La ricerca di un'immagine più immersiva porta l'industria oltre la semplice luminosità. L'obiettivo ora è ottenere colori intensi e precisi, definiti da standard come il DCI-P3 e il più ampio Rec. 2020. Per raggiungerli, sono necessari emettitori che generino luce ad alta purezza spettrale, una sfida in cui i materiali organici attuali mostrano limitazioni. Questo ha concentrato la ricerca su alternative come la perovskite.

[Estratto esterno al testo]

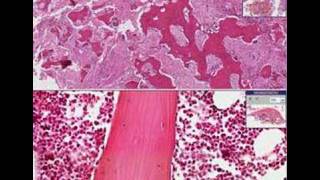 Histopathology BonePaget disease [upl. by Kamp]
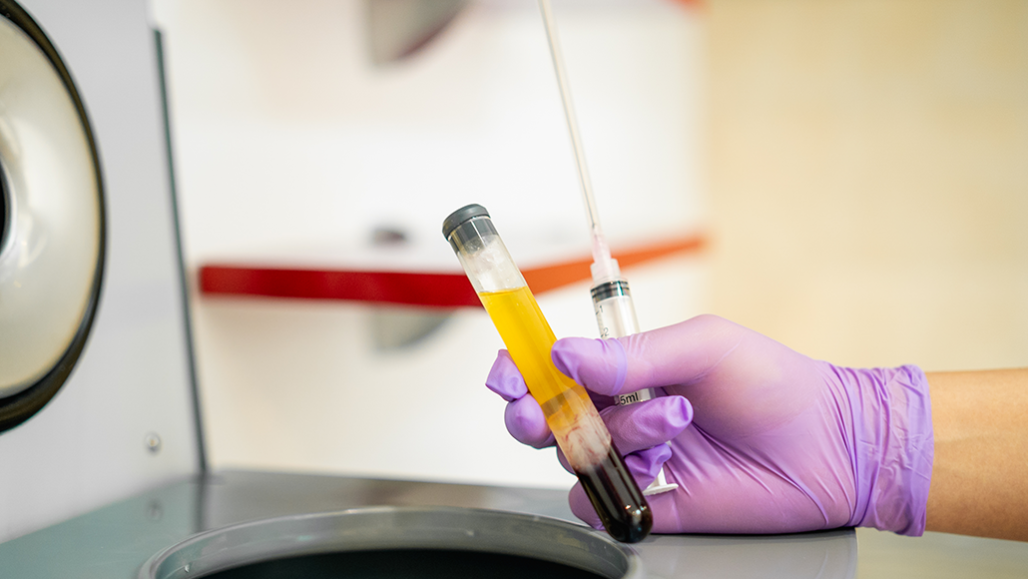 a photo of a gloved hand holding a vial of blood plasma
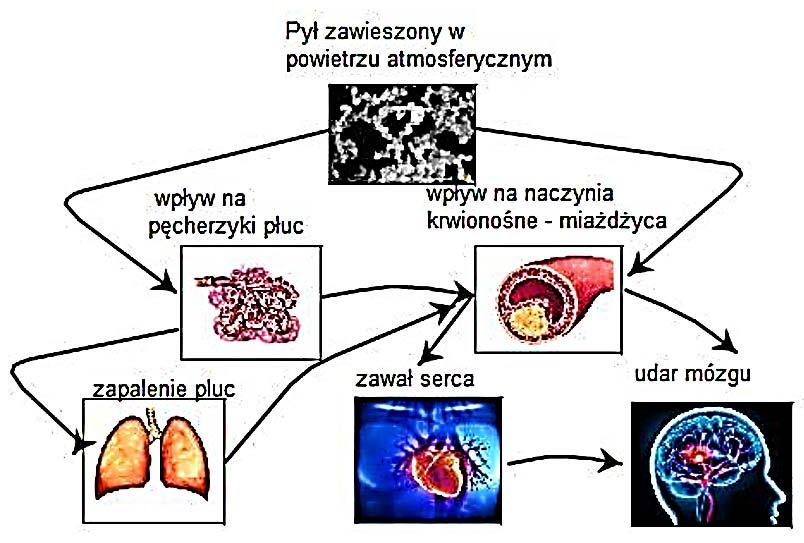 Wpływ cząstek zawieszonych na udary mózgu Zanieczyszczenia powietrza traktowane są, jako istotny czynnik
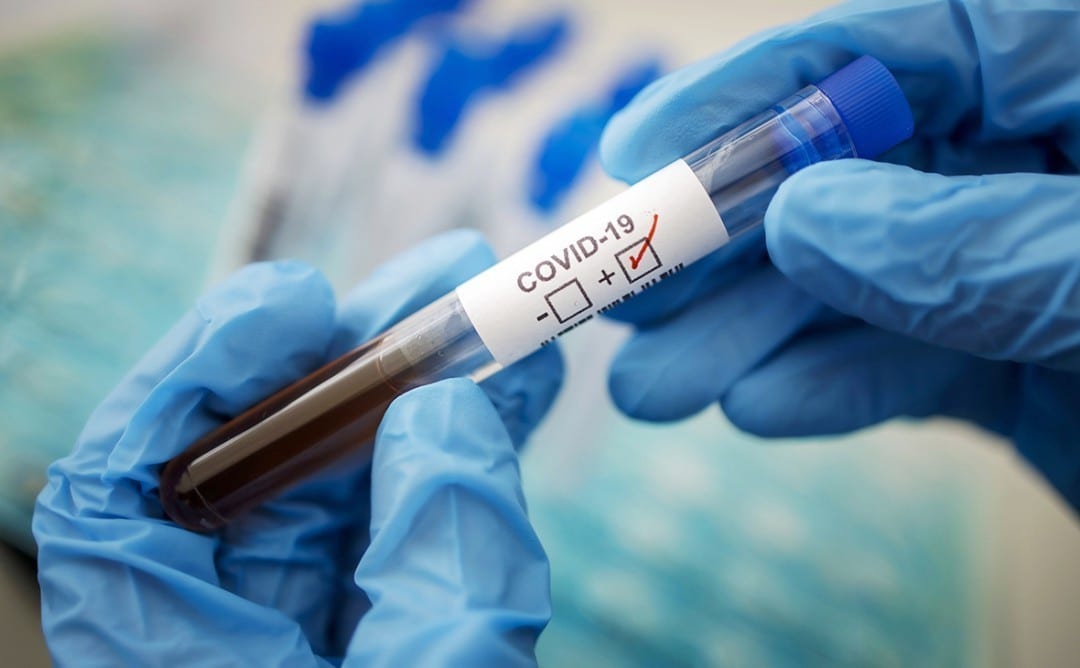 Коронавирус в Днепре: как и где можно сделать тест на COVID-19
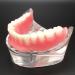 Dental Teeth Model - Lower Removable Overdenture with 2 Implants | Dentist Assistant Supplies - International Shipping - Buy Online on GoSupps.com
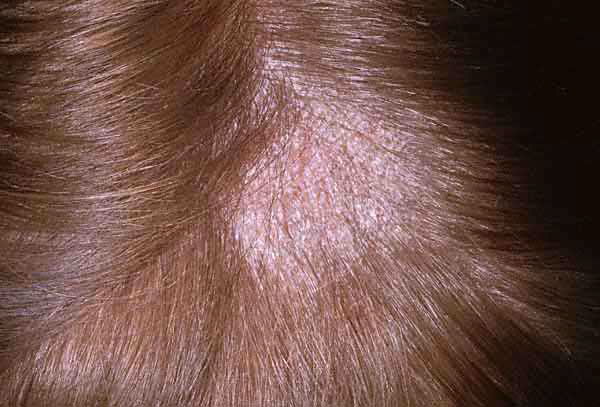 how to diagnose scalp ringworm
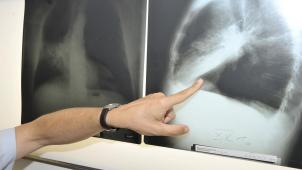 <p>Krebspatienten laufen Gefahr, Kollateralopfer der Coronakrise zu werden.</p>
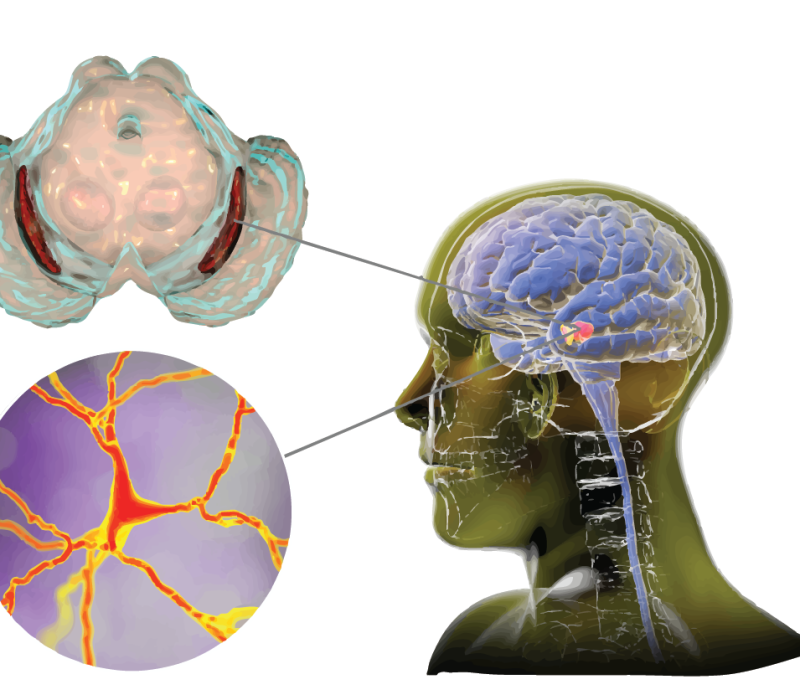 SmåGENialt: Hvorfor får noen Parkinsons sykdom?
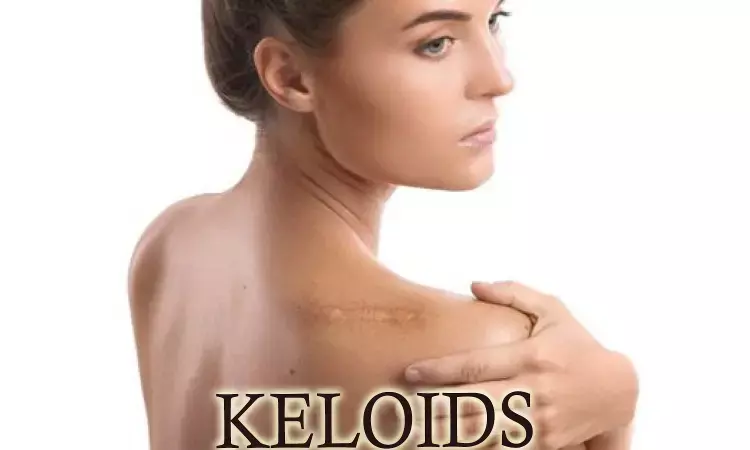 Lack of evidence against efficacy of Silicone gel sheets for keloids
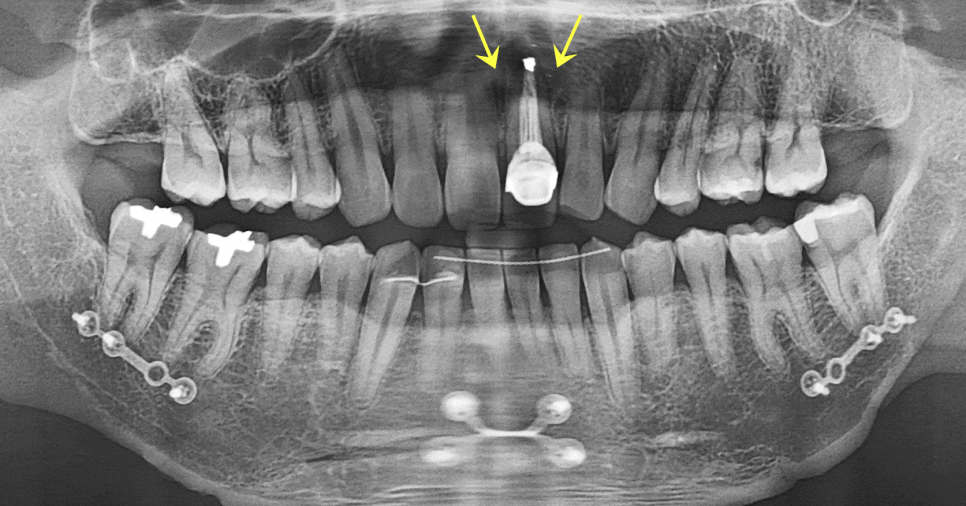 Treatment case image 1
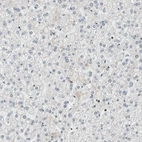 Immunohistochemical staining of human liver shows low expression as expected.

Iniezione a freddo: un passo verso la produzione valida di perovskite 🏭
La purezza del colore si misura con il FWHM (larghezza a mezza altezza); un valore basso indica un colore puro, come una nota musicale isolata. Gli emettitori di perovskite offrono un FWHM molto stretto, chiave per coprire la gamma Rec. 2020. La sfida era la loro produzione su scala. La tecnica di iniezione a freddo risolve questo depositando il strato di perovskite in modo controllato e compatibile con processi industriali, preservando le sue proprietà ottiche e facilitando la sua integrazione negli schermi.
I nostri occhi chiedono perdono per avere tanti coni 👁️
Dopo anni in cui ci accontentavamo di vedere il mondo in accordi di colore un po' stonati, ora la tecnologia insiste affinché distinguiamo ogni nota individuale. Presto, vedere una scena sarà come ascoltare un accordatore professionista criticare ogni pixel. Quasi si rimpiange l'epoca in cui il magenta era solo un rosa strano. I nostri poveri occhi, abituati all'approssimazione, dovranno darsi da fare (o i coni) per apprezzare tanta perfezione cromatica imposta.